また、新築物件やマンション・アパートの一棟買いのような大型融資案件の場合は、より幅広い資料の提出を金融機関から求められる場合があります。
参考までに列挙してみました。
- 物件資料
物件概要書・レントロール(賃借条件一覧表)・法務局資料(登記簿謄本・公図・地積測量図・土地建物図面等)・売買契約書(契約を締結している場合)・固都税明細(または固定資産評価証明書) - 融資評価依頼書
物件情報、物件概要、希望融資額、希望融資期間、借入主体等を一枚にまとめたもの - 本人資料
経歴書(出身地、出身大学、職歴、保有資格、家族構成等)・金融資産一覧表(預貯金、株式、保険、その他資産)・身分証明書(運転免許証、健康保険証)・源泉徴収票(直近3年分)・確定申告書(直近3年分)・住宅ローン等の借入・借家住まいの場合は賃貸借契約書等 - 配偶者(連帯保証人)資料
身分証明書(運転免許証、健康保険証)・源泉徴収票(直近3年分)・確定申告書(直近3年分) - すでに物件を所有している場合
保有物件一覧表・登記簿謄本・最新レントロール・固都税明細(または固定資産評価証明書)・金融機関発行の返済予定表
つまり、金融機関としては物件の内容や賃貸条件だけにとどまらず、本人及び連帯保証人の資産や返済能力なども総合的に判断して融資判断を行うということです。
収支計画書の作り方
収支計画書テンプレートについて
インターネット上には、賃貸事業用の収支計画書テンプレートが存在します。
項目に従って入力して行けば良いのですが、非常に項目が多く、初めての方には難しすぎると思われます。
物件周辺情報をまとめる
投資家自身の投資判断が目的なら、もっと簡単な方法で収支計画書を自作してみましょう。
まずは購入しようとする物件の周辺情報をまとめることから始めると良いでしょう。
周辺の類似物件の築年数や間取り、家賃、設備などを物件検索サイトなどで調べていくと、物件周辺の賃貸相場を把握できます。
不動産会社に依頼すれば作成してくれる場合もありますが、契約を促すための「作為」が入る懸念もあるので、そのようなサービスをおこなっている不動産会社の場合でも、投資家自身が調べて、甘い設定になっていないか検証してみるべきです。
マイナス要因を加味する
周辺の類似物件から家賃や共益費、駐車場代などが導き出されたら、減価償却費も含め、想定されるマイナス要因を加味します。
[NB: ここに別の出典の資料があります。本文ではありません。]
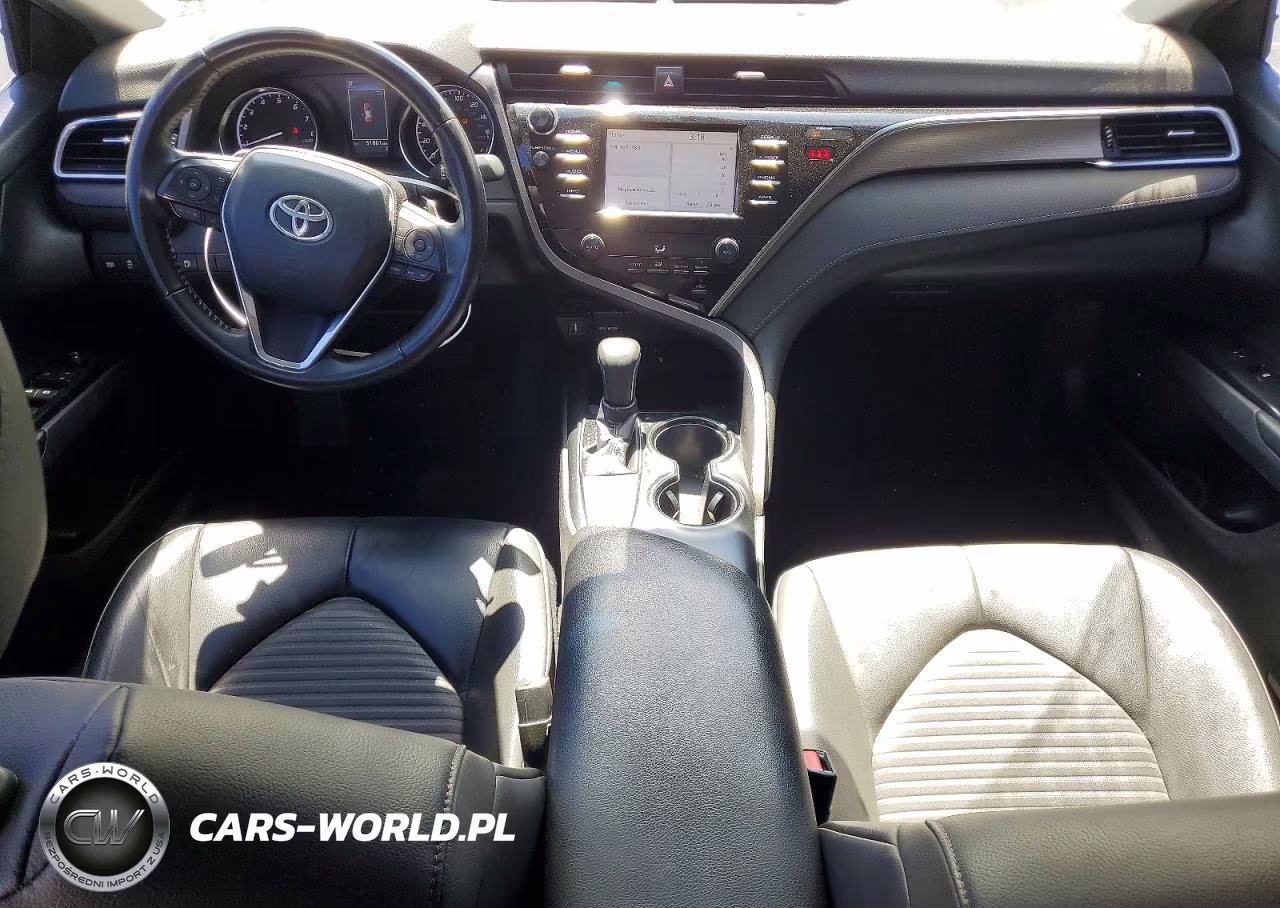 2018 Toyota Camry Se VIN:4T1B11HK2JU617035 - 8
つまり、賃貸経営は10年単位の時間軸で行う事業のため、家賃収入には空室や家賃低下のリスクがありますし、ローンには金利変動というリスクがあります。
このような長期にわたる賃貸経営の変動リスクをあらかじめ差し引いて計算するというわけです。
【マイナス要因として加味する係数の一例】
- 空室率:20~40%
- 家賃下落率:1~2%
- ローン金利:1~5%
上記係数は、これまでの賃貸経営の経験則から導き出されたものですが、人口減少・家余り時代に向かうこれからはさらに悪化する可能性があります。
やや厳しめの係数を加える視点が重要です。
収支計画書を作成する
収支計画は、「収入―ローン返済額―経費」で計算します(諸説ありますが、投資判断に使うにはこれで十分です)。
いずれも、マイナス要因を加味した数字を使います。
まず、家賃などの収入に空室率(20~40%)や家賃低下率(1~5%)などのマイナス要因を加味して長期にわたる収入計画を複数(空室率20%の場合、30%の場合、40%の場合など)策定します。
運用年数は最低でもローン完済までの計画が必要です。
ローン完済後は収支が大きく改善するドル箱期間ですが、同時に空室率の上昇や家賃の低下、修繕費の上昇といった問題もあるので、あまり長期間の運用計画は現実的ではありません。
収入に入る項目
家賃・礼金・共益費・駐車場代等の事業費(保証金は預かり金なので収入には加えません)
次に計画期間中の支出計画を策定します。
ローン返済金については、ローン返済シミュレーションソフトがネット上に公開されているので、これを利用します。
金利を変えて数パターンシミュレーションしておくのが基本です。
管理委託費(人件費含む)は家賃の3~7%、修繕費は家賃の5~10%を毎月積み立てるものとして計算すると良いでしょう。
支出に入る項目
ローン返済金・税金(固定資産税、都市計画税、事業税、不動産取得税、登録免許税、所得税、など)・共有部の光熱費・修繕費・管理委託費・清掃費や消耗品等の雑費・火災保険料など。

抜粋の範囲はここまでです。